For some Tunisian imams, Riyadh is using Hajj money to finance Islamic terrorism
The Hajj or pilgrimage to Makkah, the fifth pillar of the Islamic faith, will take place from Sunday 19 to Friday 24 August. Last year, some two million people took part in the celebration. For some Tunisian imams, Riyadh of using the revenues generated by the pilgrimage (about US$ 10 billion) to finance terrorism. They want to see “the obligation of this year's pilgrimage" cancelled.
Paris (AsiaNews) – Hajj is the sacred pilgrimage to Makkah that Muslims must perform at least once in their lifetime. It is the fifth pillar of Islam. But the billions of dollars the event generates is controlled Riyadh.
Saudi Arabia has been accused of funding Islamic terrorism and the war in Yemen, in part through the revenues generated by the Hajj. For this and other reasons, some Tunisian imams have called for a suspension of the pilgrimage obligation for this year. What follows are the thoughts of one of our contributors, a Muslim student.
Some brave and alert imams were born in Tunisia. They are not like some found in Algeria, Morocco, Egypt and elsewhere in the Muslim world. Through their union, they have called on the Grand Mufti of Tunisia "to cancel the obligation of this year's pilgrimage", given the economic benefits to the population that such a decision would bring. This could not be wrong given the cost of the hajj, which has gone "higher and higher" in the recent past. For example, in France, it is between 4,500 euros and 6,500 euros (US$ 5,200 and US$ 7,500).
The courage of these imams has pushed them not to beat around the bush. These imams make another argument I fully share. They evoke a very serious and very delicate question which unfortunately is not mentioned in other predominantly Muslim countries, namely the ideological and security question. These imams say that the money raised "is used to finance the attacks in other Muslim countries". Thus, for them it would be more appropriate to use this money "to improve the socio-economic situation of Tunisians".
I entirely share this last argument with these imams. Each pilgrimage brings to Saudi Arabia between US$ 10 and 12 billion. This is a huge source of economic rent after hydrocarbons and fits in with the kingdom’s plan to boost its tourist sector. But, the question today is where does this money go? Why is this money not shared with the poor of Muslim countries and countries that suffer from famine, especially since the majority of those who go to Makkah are poor who have saved their money for years to make the trip?
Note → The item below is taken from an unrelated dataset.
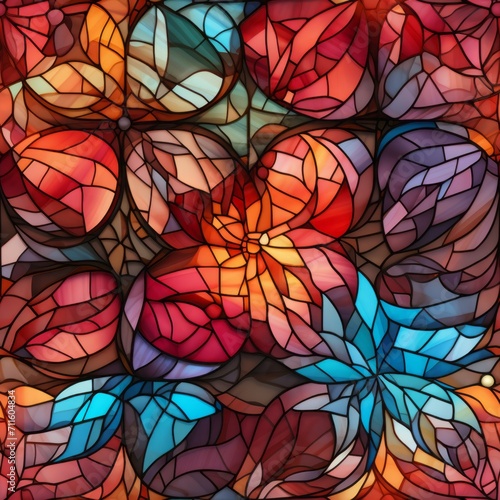 stained glass window with foliage patterns seamless pattern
Personally, what is the pilgrimage before it is a pillar of Islam? It is one of Saudi Arabia’s commercial pillars. In other words, the Saudi God is a business and worship at the same time. This is why I ask all other Muslim countries to boycott and not contribute to the death of their Yemeni brothers, because this very money is being used to prepare '' the army of Allah '' against the ''Yemeni infidels”. Let them also realise that this money is also being used against them through Wahhabi funding of proselytism in their own countries.
Let us all welcome the initiative of Tunisian imams and be at their side against the enemy of peace and the friend of Islamist terrorism: Wahhabism. With this money, we should build hospitals, schools and universities to protect our children from ignorance and an archaic conception of life and religion.